The TSA had a budget of $7.39 billion in 2014, and it employs more than 50,000 people at 400 airports through the country. They screen 2 million people a day. About $250 million a year is spent on security equipment. The first response Rios received from the TSA was “our software cannot be hacked or fooled.”
Rios said he does not know if the TSA has patched the security issues already.
Backdoors are secret ways to access software in a device. They are often malicious accounts added by a third party. Rios hasn’t seen those in his research of TSA equipment. But he has seen debugging accounts that some people forget to remove, and he has often seen technician accounts that are often hard-coded into software.
The problem is the backdoors can be discovered by external parties, like Rios. They often can’t be changed by the end user, and once the passwords are broken, they often work on every machine.

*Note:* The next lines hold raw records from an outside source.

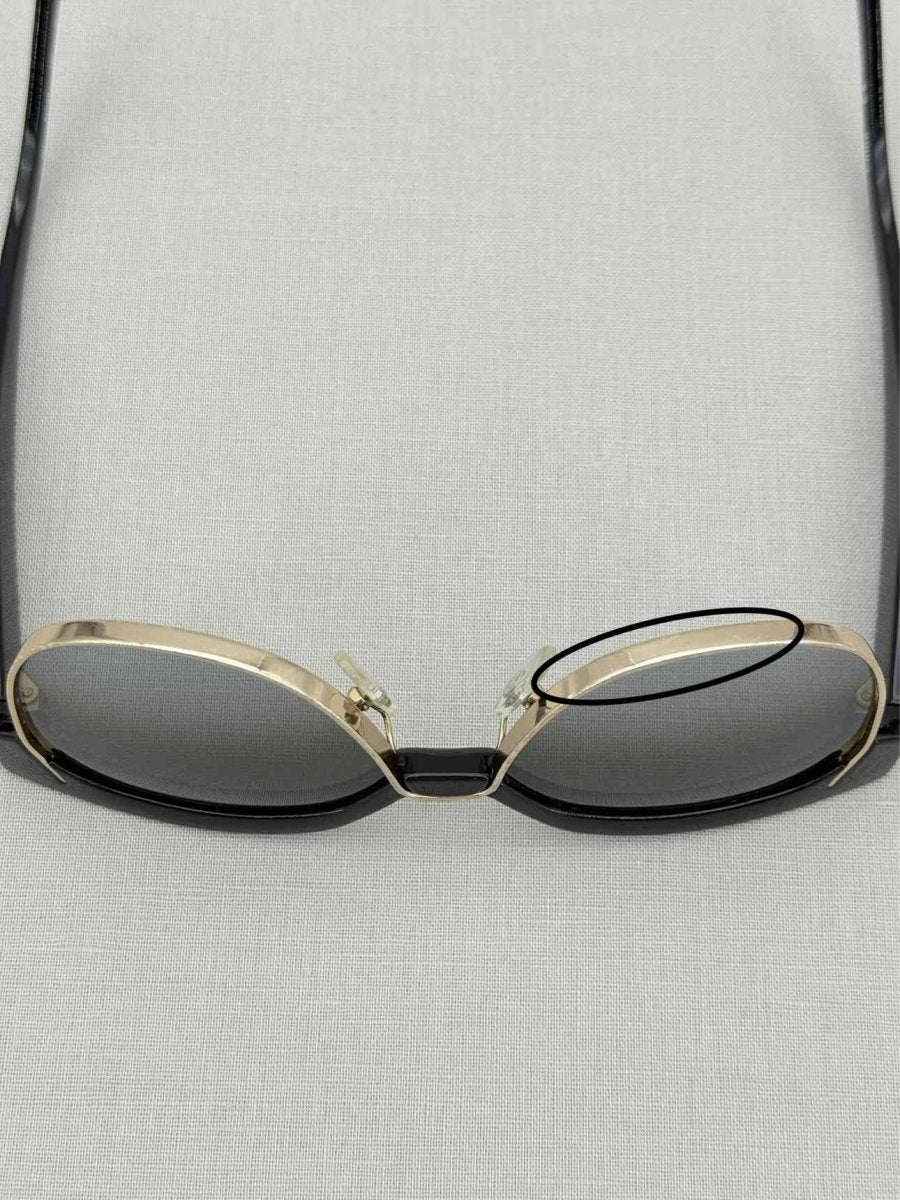 Pre - loved CHLOE Black Sunglasses at Reems Closet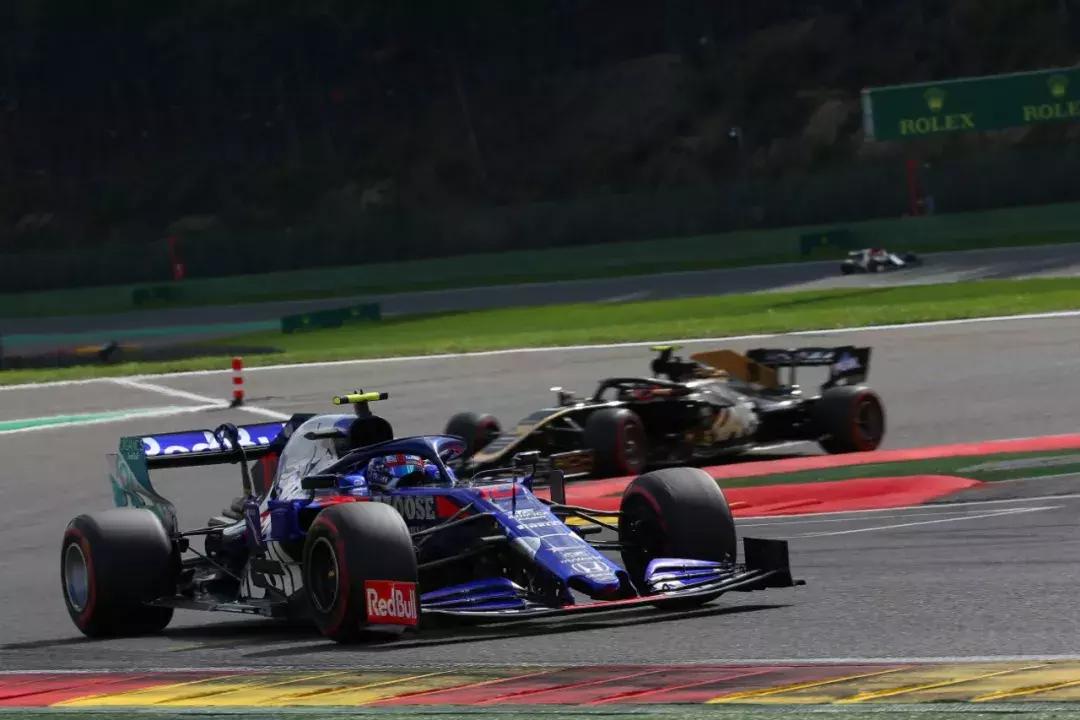 黑白旗警告,f1黑白旗警告几次罚下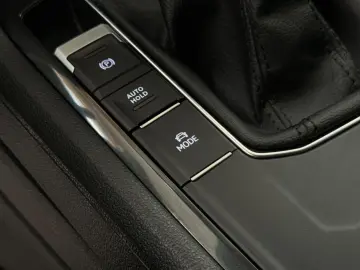 VOLKSWAGEN Tiguan 2.0 DSG/HUD-LED-SIDE-ACC-LEASING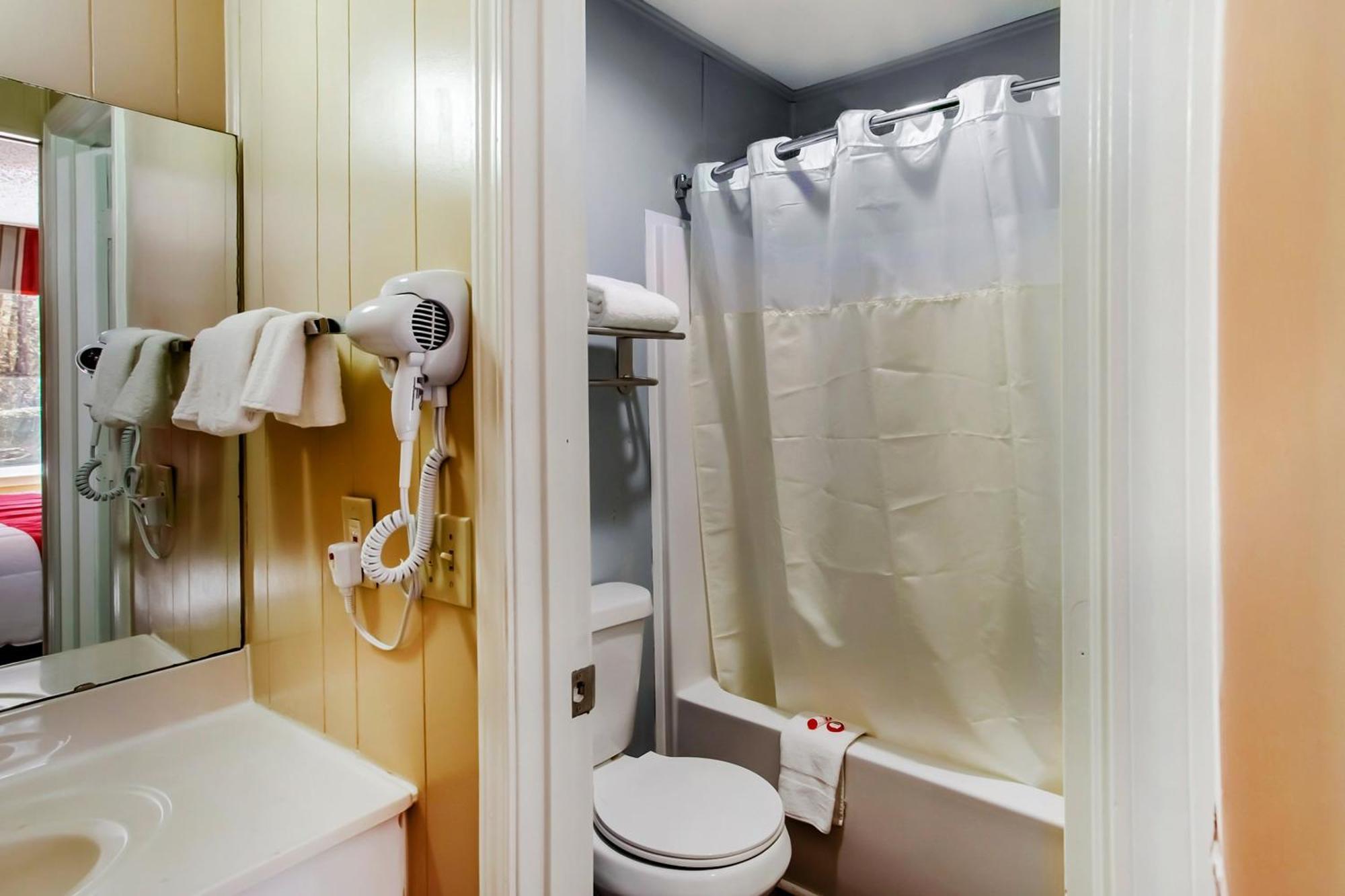 Oyo Hotel Ridgeland East Экстерьер фото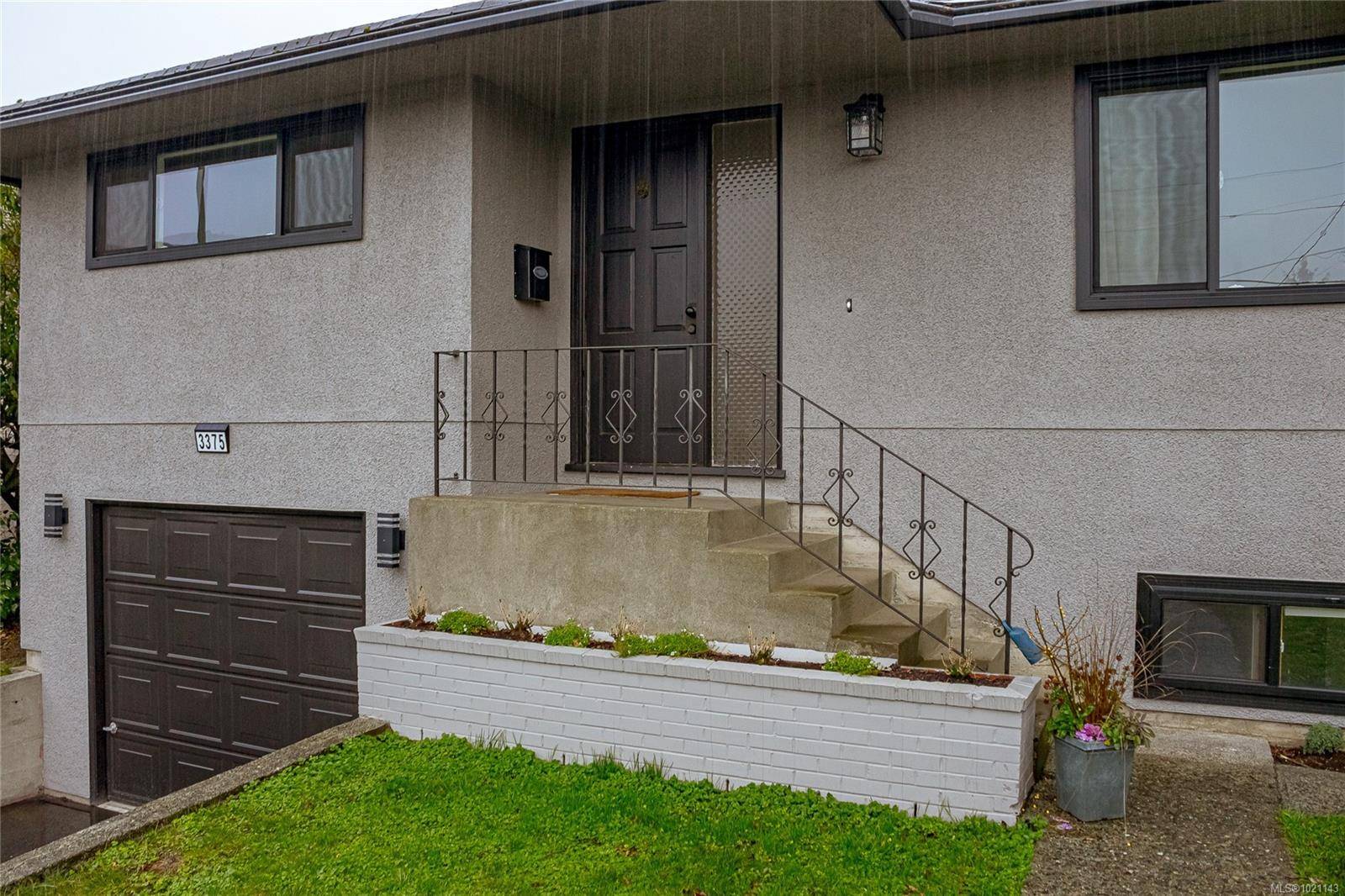 Saanich, BC V8P 4K2,3375 Kingsley Pl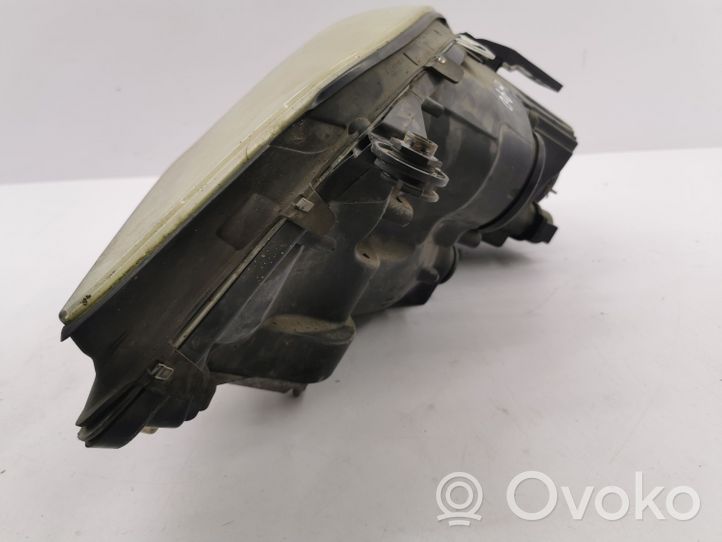 Mercedes-Benz ML W164 Lampa przednia A0028206026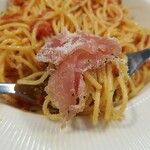 キッチン ブルー グローブ - 生ハムも添えます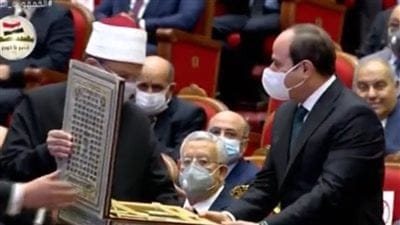 وزير الأوقاف يهدي السيسي سلسلة كتب "رؤية" لدعمه الدين الوسطي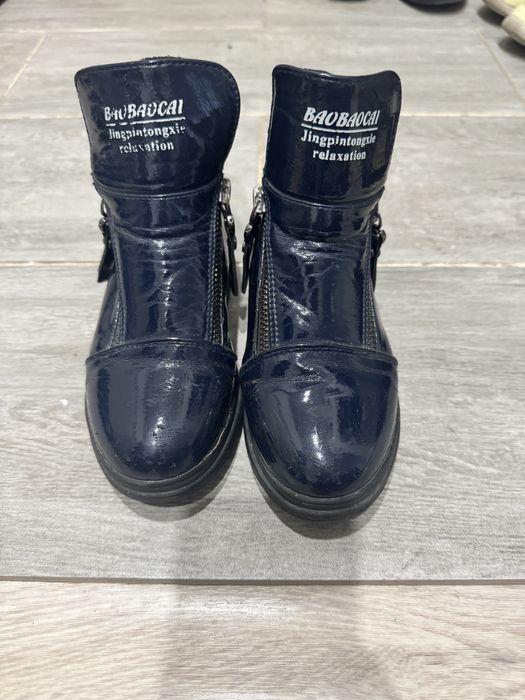 Продам осеннюю обувь на девочку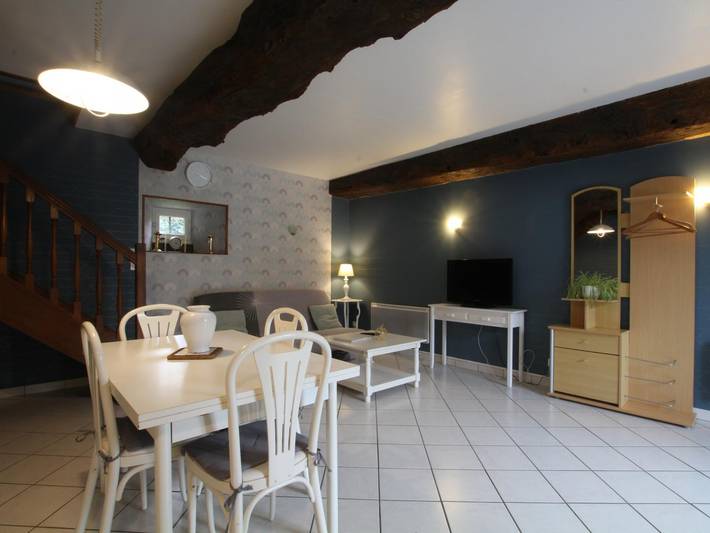 Gîte pour 4 personnes, avec jardin à Vessey - 2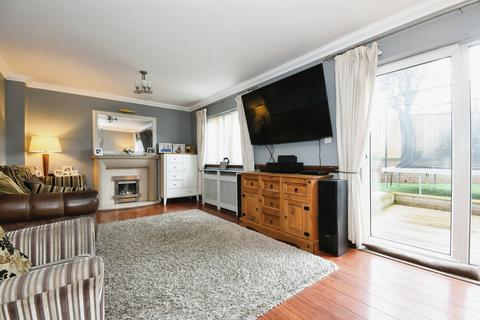 38a Cornwall Drive, Grassmoor, Chesterfield, S42 5DX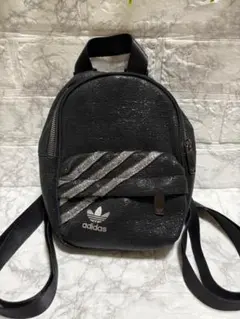 【美品】adidas ブラック グリッター　ミニバッグパック　リュックのサムネイル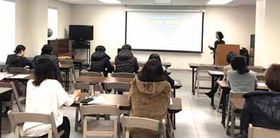 오명근 박사가 지난 13일 뉴저지주 테너플라이에 있는 한인동포회관(KCC)에서 학자금 관련 세미나를 개최해 관심을 모았다. [사진 오명근 박사]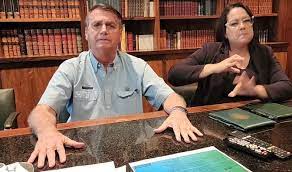 Sobre o 'golpe' - Bolsonaro destacou que 'ninguém quer uma aventura' e que 'mesmo dentro das quatro linhas' é preciso ter apoios. Foto: Reprodução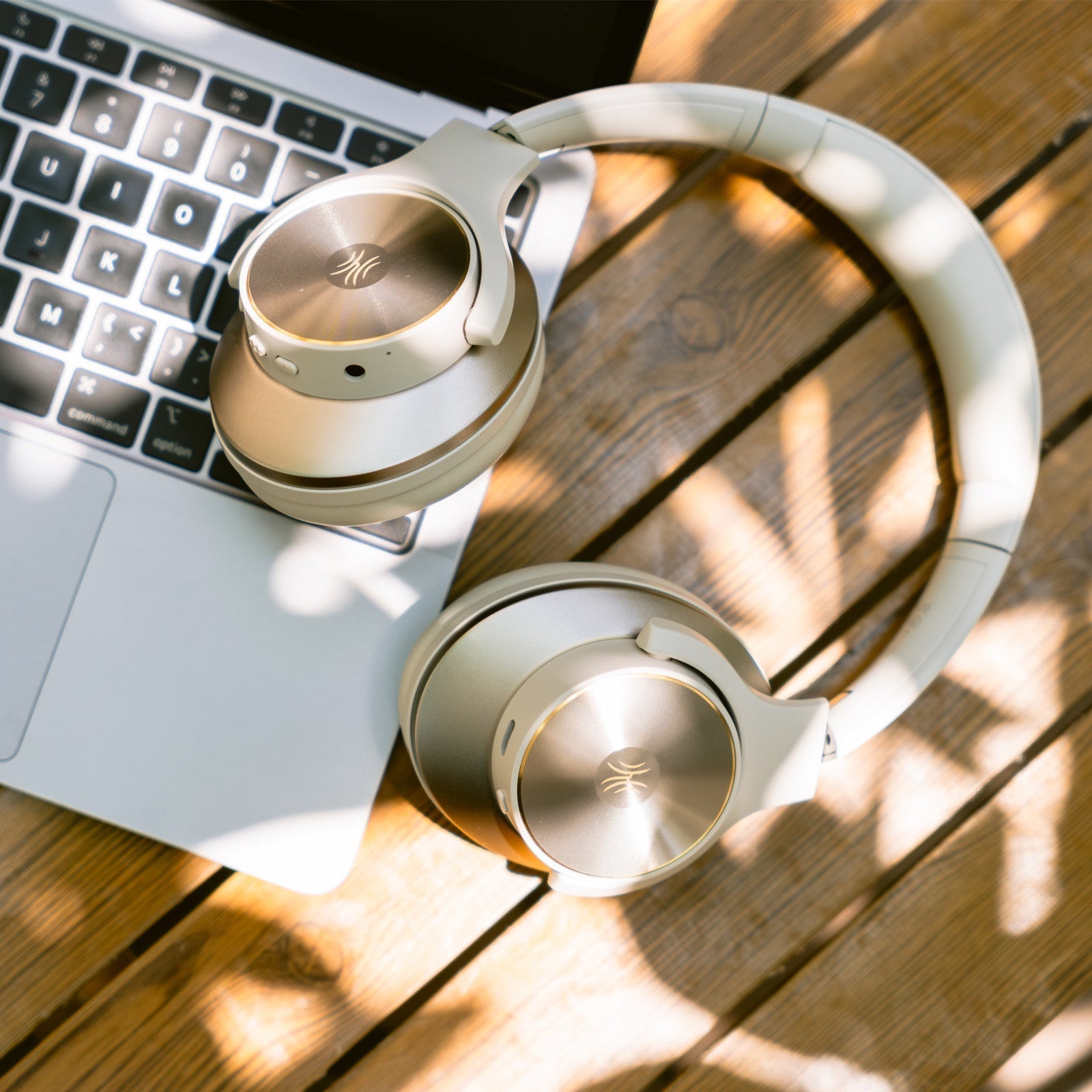 Kirrea ANC vezeték nélküli fül körüli fejhallgató, Bluetooth 5.0 mikrofonnal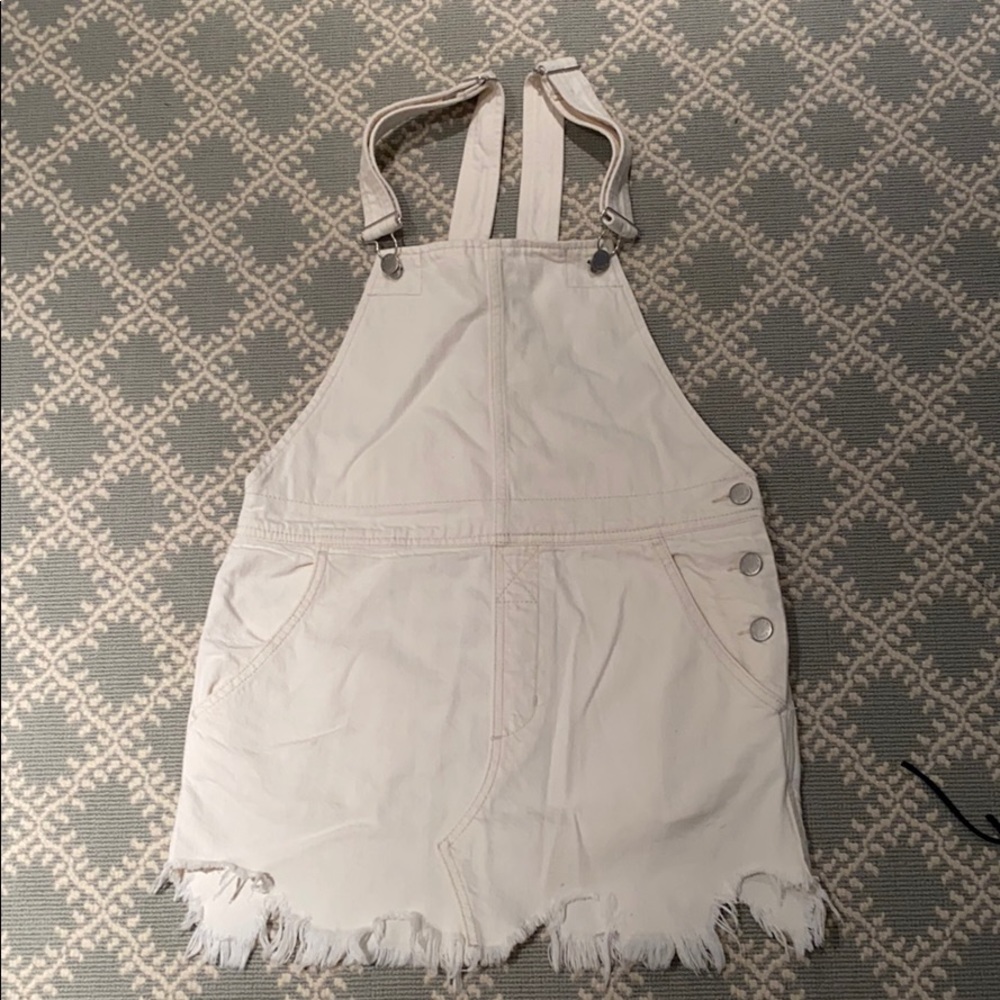 Overall dress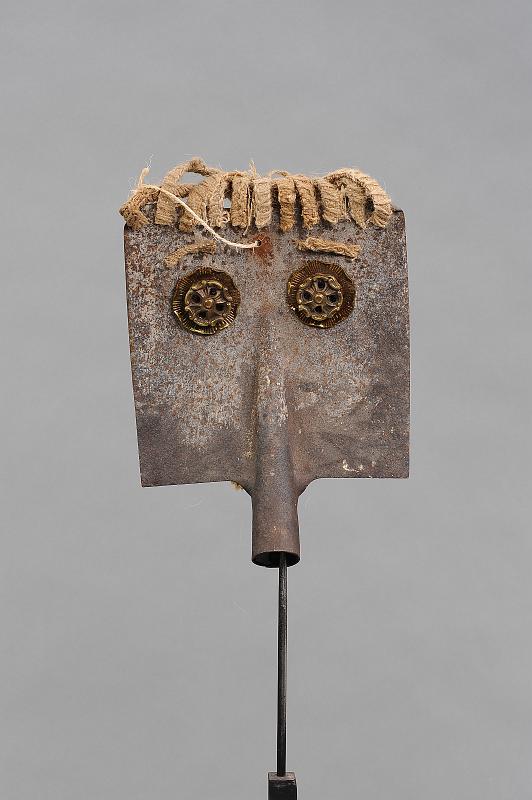 081.jpg - 81.Ellen  Stemgée(Stedelijke Kunstacademie, Oostende)- "Begraven grenzen"- Het masker zonder grenzen bekijkt de wereld door veelzijdige ogen. Zijn gelaat begraaft grenzen en laat je zoeken naar de culturen achter elk masker. De verschillende haarlokken staan symbool voor de verschillende persoonlijkheden van de mens, worden als het ware samengebonden tot één gemeenschap.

With Rapiscan, once Rios gained access to the password, he was able to look up the passwords of other users. TSA canceled the security contract with Rapiscan in 2013.
The Kronos device ran Java code and it actually had a password for a super user. Rios figured out that a particular machine was being used at San Francisco International Airport at one point. The device was subsequently taken offline.
Rios said the responsibility for fixing security lies with TSA, as vendors will build their machines to meet its specifications.
Rios said he hopes that someone verifies that TSA’s security is good, and that all makers of embedded devices take note of the vulnerabilities.